At five to seven, just before we open for business, the LBFS (Last Breath For Staff) bell rings. I expel all the old air from my body in a slow hiss until I’m dead ballooning - like the manual demands; then I steady and gulp the greediest gulp of breath a boy can grab, swallowing it deep down into my guts - this will have to last me the day. I strap a CSBB (Company Standard Bowling Ball) to my right ankle, a CSBB to my left ankle and switch on the lights designed to attract big fish. Exactly two minutes after the LBFS sounds there is a gurgle, distant deep and wet, followed fast by a heavy crash of dense wood meeting steel and then the great compression comes: oceans of fat wet water falling from some height, exploding into itself and expanding, ever expanding, the relentless feeding frenzy of salt water devouring the insides of this aquarium. Once each floor fills to the brim a trapdoor opens and the gush continues in a rush, down to the next level to rinse hard and repeat. My cafe waits at the bottom of ten stories, so the water, when it arrives down there is heavy. Buoyancy wants badly to drag me up and away from the coffee machine, the chowder, the little cakes and the counter, and float away I would, if not for the two CSBB’s attached to my ankles.

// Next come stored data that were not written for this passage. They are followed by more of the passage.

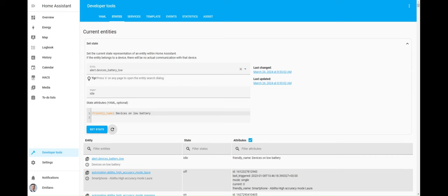Before proceeding, it's important to highlight that the alert integration is well designed to monitor entities with states such as on or off, for example, binary sensors. While further developments or improvements may arise in the future, as of today, this is an important aspect to consider.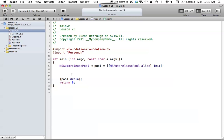Hello everyone, and welcome to the 25th Objective-C tutorial. In this tutorial, I'm going to be showing you how you can combine type ID with protocols that we've been learning in the last tutorial.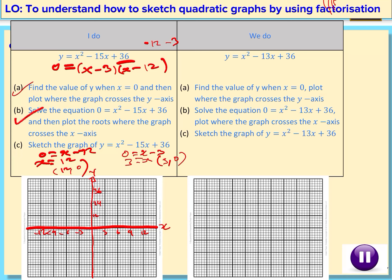What we now need to do is just sketch it. The y-axis intercept is (0, 36), one root is (3, 0), and the other is (12, 0). Now we're going to draw a curve through all these points, and our graph looks like this. Make sure to pause the video and give yourself some time to do the we-do question.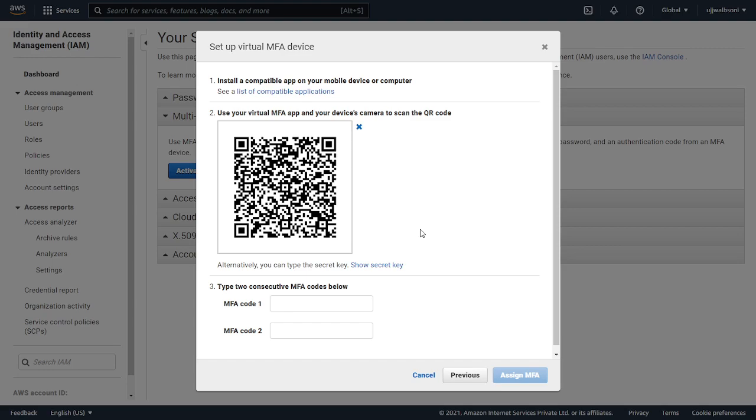After you open up the Authy app, click on Add Account and it will give you a scan QR code option. Just scan the QR code that is displayed and click Save. It will ask you to add two tokens. 932635 is the first token and I'm just waiting for the other token.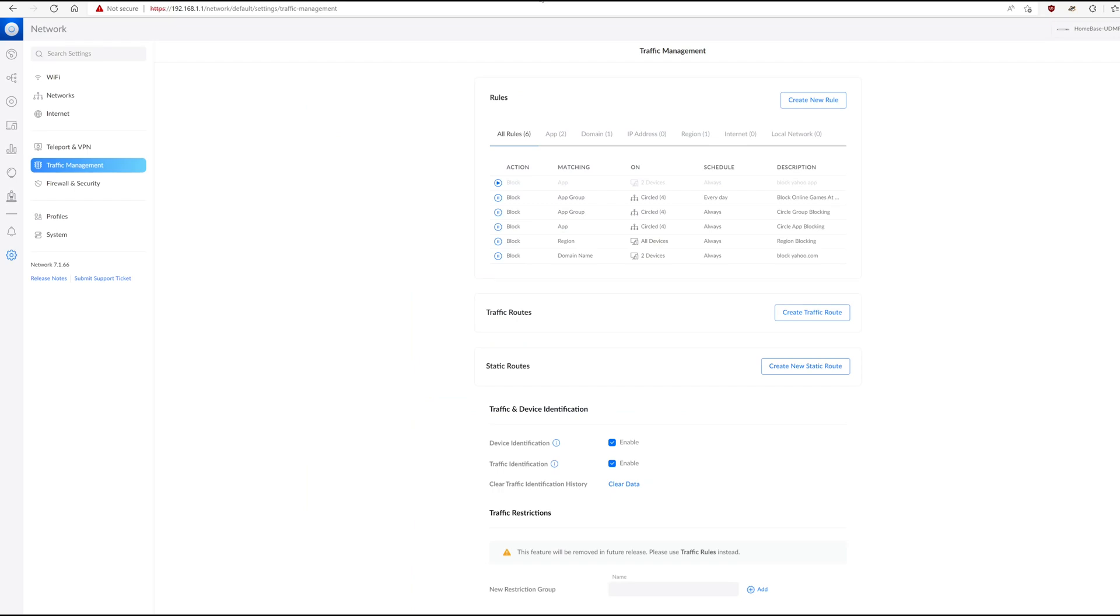If you wait long enough, eventually, sometimes, like we saw when I just tried to load it up, it'll go back to working. That's not how it should work, though. It should just kind of always work.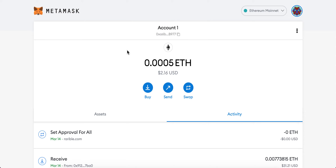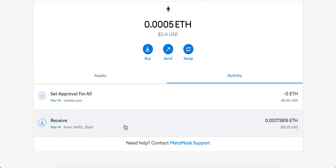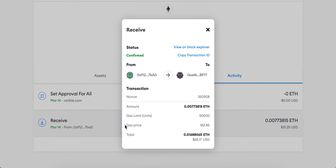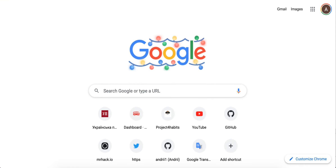Hey everyone, so here is a MetaMask account. Basically, what happens is that if you go to your transaction activity, you can just copy the transaction ID. And here's how it looks — something like that.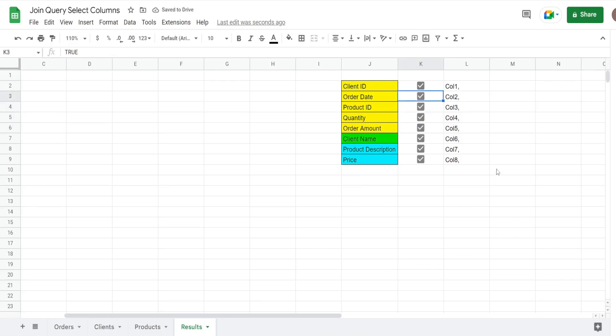Now, the number of columns we're going to select is always unknown and the last column reference can't have a comma after it. Just bear with me on that part because there is a trick to get around it, which I'll show you once we're actually inputting our query formula.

I’ll be honest, watching that body of water explode around the room, eating all the air and enveloping e v e r y t h i n g can be a little unnerving, so to stay calm as the water rises, I close my eyes, tense my tummy and inwardly run the company line: look at you, you beautiful fish, you better wetter fish, when you’re not here I’m nowhere. Repeat.
Service is the same, day to day. I dish towering scoops of rioting maggots straight down the gob of pushy tuna and snarky bass, while for the orcas I flay baby seals before their beady eyes and toss the grizzly snack their way with nervous fingers - you don’t want to lose your pinky twice, that’s what I’m saying. Each day has it’s snippy crab and bullish shark. Each day has it’s injury and it’s insult. Still it has it’s soft spots too, like after lunch when the sharks are sleeping and the salmon are spawning and the stonefish are off setting traps, then the cafe falls quiet. No noise save the low rumble of the Skin n’ Filth Filter and that slow pulse in my temples. No one around, so I sneak a paperback from beneath the counter, check the coast is clear, and proceed to suck sweet clean air out of each soaking page. I’m not sure how it works, but I’m alive because it does.
This week I handed back my twin CSBB set, my wetsuit and my seal-skinning knife. I'm leaving. I wonder if the fish will notice. I doubt it. I wonder if I'll remember this place in five years, or just the books I breathed though. I wonder if they'll clean the aquarium.